Segment Start: Supplied data

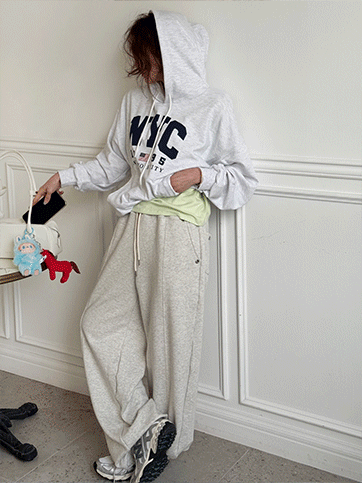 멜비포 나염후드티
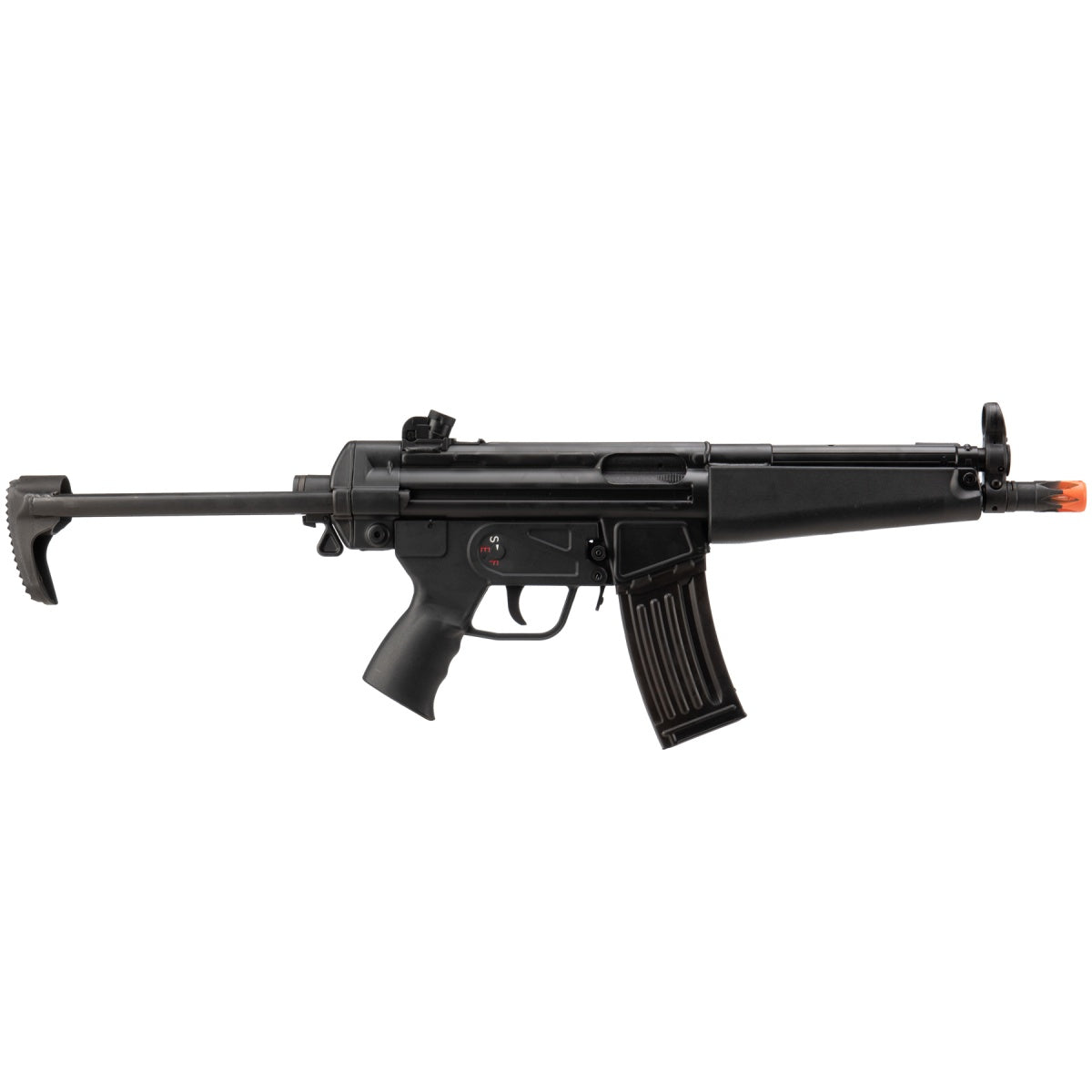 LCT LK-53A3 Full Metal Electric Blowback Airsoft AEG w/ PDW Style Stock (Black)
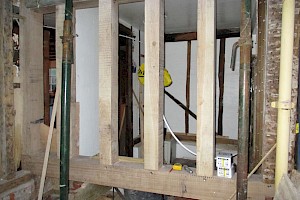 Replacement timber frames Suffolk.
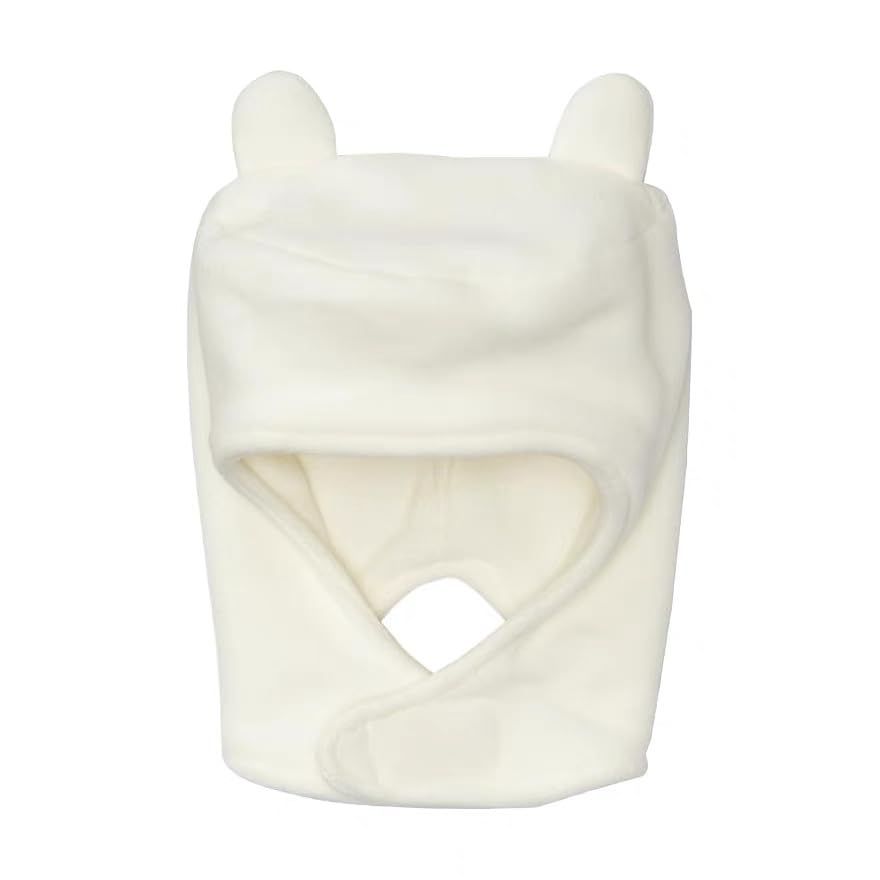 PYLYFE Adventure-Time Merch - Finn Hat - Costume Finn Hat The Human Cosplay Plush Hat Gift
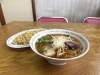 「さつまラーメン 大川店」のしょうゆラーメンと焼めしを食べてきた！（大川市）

Segment End: Supplied data

• [Instructions to follow]: Copy every record exactly; no pictures.

• [Output for this task]:
 멜비포 나염후드티
 LCT LK-53A3 Full Metal Electric Blowback Airsoft AEG w/ PDW Style Stock (Black)
 Replacement timber frames Suffolk.
 PYLYFE Adventure-Time Merch - Finn Hat - Costume Finn Hat The Human Cosplay Plush Hat Gift
 「さつまラーメン 大川店」のしょうゆラーメンと焼めしを食べてきた！（大川市）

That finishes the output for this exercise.